Senate Bill 103: Extends time county may lease real property of county to corporation for public benefit under certain circumstances. (BDR 20-831)
Senator Sandra Tiffany, Clark County Senatorial District No. 5:
Good morning, Committee. Is Jim up? I am going to have him handle most of the testimony. Thank you for letting me kick off my bill. Because we don’t have a quorum right now in Senate Finance, I need to get back as soon as I can.
[Senator Tiffany continues.] Senate Bill 103 came about and is really for the Boy Scouts. I happened to be in a meeting with a doctor who asked if I would be interested in introducing this bill. What happens is that when a group has land donated to it by the city or by the county, and it wants to put a Boy Scout building on it, the land usually has to be considered not given to them but leased. For them to get bonding or to put any sizeable building up there, they needed to go from 30 years to 99 years on a lease. So, it is a really simple bill, and that was the reason for it. Mr. Ellis, in Las Vegas, can fill in all the details for you.
Chairman Manendo:
Thank you. I just didn’t want to start a piece of legislation without the sponsor having an opportunity to speak if you wanted to. Good morning, Las Vegas.
James Ellis, Executive Director, Las Vegas International Scouting Museum: [Introduces himself.] Dr. Horne, who was scheduled to speak, was unavoidably detained, so I am filling in for him. He may be joining us shortly. In the interim, I will go ahead and speak.
The purpose of this bill, as Senator Tiffany mentioned, is very simple. The current legislation allows for a county to lease surplus property that it owns for a period not to exceed 30 years. Approximately two years ago, at the Seventy-first Legislative Session, the Legislature gave counties the authority to grant outright, subject to some restrictions on use, surplus property. What has come about now is that we have found that there is some surplus property that is burdened by the right of first refusal, because the property was obtained through eminent domain. In that instance, when the county attempts to give the property to the charitable organization, the prior owner may exercise that right and frustrate the intent of the county to make the property available for civic purposes. The purpose of this bill allows counties to lease, for a period of up to 99 years, and, thereby, not triggering such rights of the prior owners.

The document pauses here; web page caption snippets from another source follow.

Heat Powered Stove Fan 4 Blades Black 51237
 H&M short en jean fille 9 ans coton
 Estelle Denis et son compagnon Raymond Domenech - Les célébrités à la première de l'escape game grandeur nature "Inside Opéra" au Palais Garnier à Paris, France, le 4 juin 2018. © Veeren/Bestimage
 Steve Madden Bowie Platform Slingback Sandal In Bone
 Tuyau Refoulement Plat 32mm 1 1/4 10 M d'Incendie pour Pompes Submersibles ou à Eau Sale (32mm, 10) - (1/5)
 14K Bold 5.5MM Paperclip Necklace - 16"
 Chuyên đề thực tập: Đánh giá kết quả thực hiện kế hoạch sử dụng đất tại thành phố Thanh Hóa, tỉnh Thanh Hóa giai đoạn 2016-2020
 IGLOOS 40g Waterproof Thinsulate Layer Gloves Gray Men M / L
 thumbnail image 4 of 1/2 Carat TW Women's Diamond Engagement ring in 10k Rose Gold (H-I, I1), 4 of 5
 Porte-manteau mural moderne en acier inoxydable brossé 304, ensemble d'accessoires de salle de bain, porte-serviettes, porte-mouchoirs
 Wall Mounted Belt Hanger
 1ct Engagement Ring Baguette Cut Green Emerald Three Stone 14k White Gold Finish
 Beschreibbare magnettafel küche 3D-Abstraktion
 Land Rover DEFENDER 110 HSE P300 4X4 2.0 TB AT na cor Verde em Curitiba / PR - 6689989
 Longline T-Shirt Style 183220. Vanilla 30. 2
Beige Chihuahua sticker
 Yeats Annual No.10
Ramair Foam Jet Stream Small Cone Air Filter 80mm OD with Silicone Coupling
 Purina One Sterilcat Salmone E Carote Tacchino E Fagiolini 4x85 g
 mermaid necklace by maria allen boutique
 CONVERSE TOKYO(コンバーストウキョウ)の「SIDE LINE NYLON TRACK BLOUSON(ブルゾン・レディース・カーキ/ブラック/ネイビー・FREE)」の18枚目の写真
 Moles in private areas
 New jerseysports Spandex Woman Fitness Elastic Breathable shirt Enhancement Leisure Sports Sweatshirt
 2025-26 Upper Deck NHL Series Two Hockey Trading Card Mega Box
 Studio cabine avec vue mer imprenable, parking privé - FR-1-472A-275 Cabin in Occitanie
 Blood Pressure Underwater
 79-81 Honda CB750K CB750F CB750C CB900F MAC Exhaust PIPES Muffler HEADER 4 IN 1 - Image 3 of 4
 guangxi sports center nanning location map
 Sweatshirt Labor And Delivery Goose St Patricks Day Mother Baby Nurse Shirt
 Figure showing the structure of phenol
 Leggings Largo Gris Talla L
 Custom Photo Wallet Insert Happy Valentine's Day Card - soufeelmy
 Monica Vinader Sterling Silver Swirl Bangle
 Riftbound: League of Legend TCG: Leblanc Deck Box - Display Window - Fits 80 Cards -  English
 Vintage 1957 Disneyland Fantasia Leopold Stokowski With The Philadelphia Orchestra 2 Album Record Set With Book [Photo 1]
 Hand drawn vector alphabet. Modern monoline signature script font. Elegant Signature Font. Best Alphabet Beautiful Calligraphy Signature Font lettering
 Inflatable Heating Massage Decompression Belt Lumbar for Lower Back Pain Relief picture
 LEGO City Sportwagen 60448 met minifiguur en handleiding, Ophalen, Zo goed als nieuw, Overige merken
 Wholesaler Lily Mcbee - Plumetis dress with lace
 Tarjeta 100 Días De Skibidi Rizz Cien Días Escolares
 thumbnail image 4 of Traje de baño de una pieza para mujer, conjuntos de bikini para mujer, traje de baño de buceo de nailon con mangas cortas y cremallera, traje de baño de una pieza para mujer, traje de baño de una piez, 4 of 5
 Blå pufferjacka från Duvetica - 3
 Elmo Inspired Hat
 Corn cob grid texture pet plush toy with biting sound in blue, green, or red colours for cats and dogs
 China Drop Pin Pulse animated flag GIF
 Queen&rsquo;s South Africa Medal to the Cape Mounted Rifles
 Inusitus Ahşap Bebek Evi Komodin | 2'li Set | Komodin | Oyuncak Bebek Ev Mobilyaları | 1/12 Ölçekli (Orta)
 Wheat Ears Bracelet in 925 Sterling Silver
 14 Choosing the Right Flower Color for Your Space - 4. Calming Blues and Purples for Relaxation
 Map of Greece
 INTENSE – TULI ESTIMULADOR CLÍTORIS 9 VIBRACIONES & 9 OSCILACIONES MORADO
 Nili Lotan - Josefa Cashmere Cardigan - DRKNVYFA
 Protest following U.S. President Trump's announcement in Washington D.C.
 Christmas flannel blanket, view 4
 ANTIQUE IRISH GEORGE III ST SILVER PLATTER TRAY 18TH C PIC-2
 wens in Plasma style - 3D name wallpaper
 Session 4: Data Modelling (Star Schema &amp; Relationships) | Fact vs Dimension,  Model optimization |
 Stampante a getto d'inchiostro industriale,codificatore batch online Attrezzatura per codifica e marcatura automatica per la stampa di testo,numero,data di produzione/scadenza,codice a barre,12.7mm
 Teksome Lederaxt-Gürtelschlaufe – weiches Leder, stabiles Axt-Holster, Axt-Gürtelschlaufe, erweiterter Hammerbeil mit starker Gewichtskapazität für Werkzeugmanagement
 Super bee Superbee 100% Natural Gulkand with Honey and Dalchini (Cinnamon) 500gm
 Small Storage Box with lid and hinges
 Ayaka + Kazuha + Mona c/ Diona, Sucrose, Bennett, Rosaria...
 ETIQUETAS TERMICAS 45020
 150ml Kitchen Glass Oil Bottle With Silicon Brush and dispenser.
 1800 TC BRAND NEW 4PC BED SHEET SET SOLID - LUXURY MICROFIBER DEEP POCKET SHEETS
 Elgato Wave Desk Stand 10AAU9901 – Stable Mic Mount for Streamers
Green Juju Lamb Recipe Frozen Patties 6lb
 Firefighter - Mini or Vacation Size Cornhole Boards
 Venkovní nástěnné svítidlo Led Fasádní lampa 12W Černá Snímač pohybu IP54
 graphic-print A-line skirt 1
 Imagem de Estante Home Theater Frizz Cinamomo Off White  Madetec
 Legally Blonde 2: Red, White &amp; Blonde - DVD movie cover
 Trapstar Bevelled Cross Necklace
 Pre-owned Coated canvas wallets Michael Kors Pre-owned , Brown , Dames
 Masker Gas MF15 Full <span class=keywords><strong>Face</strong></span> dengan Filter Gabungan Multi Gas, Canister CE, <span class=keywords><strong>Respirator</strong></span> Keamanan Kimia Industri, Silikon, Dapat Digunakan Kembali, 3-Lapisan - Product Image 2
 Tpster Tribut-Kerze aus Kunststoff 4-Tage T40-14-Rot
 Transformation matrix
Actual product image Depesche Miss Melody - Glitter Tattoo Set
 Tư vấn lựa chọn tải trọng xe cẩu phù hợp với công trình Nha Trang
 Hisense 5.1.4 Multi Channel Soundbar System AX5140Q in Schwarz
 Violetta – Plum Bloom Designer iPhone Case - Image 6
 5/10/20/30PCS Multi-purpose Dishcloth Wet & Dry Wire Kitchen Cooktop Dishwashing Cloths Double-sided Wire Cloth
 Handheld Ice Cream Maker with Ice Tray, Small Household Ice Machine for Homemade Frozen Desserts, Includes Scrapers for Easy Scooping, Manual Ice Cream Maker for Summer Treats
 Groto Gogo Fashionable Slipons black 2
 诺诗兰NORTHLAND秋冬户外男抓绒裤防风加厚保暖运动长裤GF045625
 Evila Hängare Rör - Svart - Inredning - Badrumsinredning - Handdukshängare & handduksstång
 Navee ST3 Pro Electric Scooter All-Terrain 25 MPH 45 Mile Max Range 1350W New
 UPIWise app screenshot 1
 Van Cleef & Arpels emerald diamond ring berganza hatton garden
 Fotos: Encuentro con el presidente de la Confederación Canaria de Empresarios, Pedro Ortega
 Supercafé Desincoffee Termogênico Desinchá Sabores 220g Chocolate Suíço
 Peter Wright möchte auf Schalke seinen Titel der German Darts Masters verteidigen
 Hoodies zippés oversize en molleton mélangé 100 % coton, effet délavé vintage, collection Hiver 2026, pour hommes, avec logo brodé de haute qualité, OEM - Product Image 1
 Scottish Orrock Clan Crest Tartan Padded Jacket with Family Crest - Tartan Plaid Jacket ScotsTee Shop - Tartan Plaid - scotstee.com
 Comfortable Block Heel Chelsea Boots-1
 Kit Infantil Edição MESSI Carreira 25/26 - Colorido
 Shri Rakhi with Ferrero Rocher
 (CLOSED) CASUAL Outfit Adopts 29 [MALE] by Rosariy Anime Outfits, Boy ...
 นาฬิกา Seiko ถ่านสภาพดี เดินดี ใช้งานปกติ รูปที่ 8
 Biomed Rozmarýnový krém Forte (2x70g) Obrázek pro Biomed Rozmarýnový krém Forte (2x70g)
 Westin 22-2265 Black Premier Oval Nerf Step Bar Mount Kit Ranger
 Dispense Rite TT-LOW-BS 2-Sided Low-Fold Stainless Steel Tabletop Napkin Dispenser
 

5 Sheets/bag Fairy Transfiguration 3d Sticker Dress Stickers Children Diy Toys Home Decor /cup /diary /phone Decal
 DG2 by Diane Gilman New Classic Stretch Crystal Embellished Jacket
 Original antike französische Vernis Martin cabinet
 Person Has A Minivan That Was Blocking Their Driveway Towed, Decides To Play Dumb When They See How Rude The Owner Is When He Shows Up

Alternatively, or in addition, when that does occur, when there is a 30-year lease, finding funding for building major structures of several millions of dollars is very difficult, because organizations that do fund these kinds of construction projects do not want to give major sums if they know that the useful life of the building may be 25 or 26 years. That would be because of the lead time it takes to raise the funds, do the construction, and actually move in. What we are doing is asking that counties be given the expanded right to lease property to organizations such as ourselves for a period of up to 99 years. This bill has passed through the Senate unanimously, and we would ask your support for this legislation.
Assemblyman Goicoechea:
I am wondering why it was limited just to counties and not all public bodies. Would that allow cities or even the state to have that opportunity?
James Ellis:
I think the existing legislation, NRS 224.284, only refers to counties. I believe the rights of cities may fall under their own charters or under a separate statute.
Assemblyman Goicoechea:
I would agree with that. I was just wondering why we didn’t expand to some of the other statutes and give everyone the ability to lease for 99 years.
Assemblyman Knecht:
This time I will support your bill.
Chairman Manendo:
Thank you. [Senator Tiffany returned to her own committee.] We will close the hearing on Senate Bill 103. The Chair will entertain a motion.
Assemblywoman Koivisto:
I am just wondering if there is a piece of property that is involved here, and we are getting into something. If the bill is a generic thing, fine. I can support it then. But, if this is about a specific piece of property involved, and we could be being used to do something specific, that would be my concern.
Chairman Manendo:
We will reopen the hearing on Senate Bill 103. Mr. Ellis?
James Ellis:
Yes, Mr. Chairman. Dr. Horne has joined us, so I am going to let him speak. He is the President of the Museum Committee Board of Trustees. I will allow him to address that.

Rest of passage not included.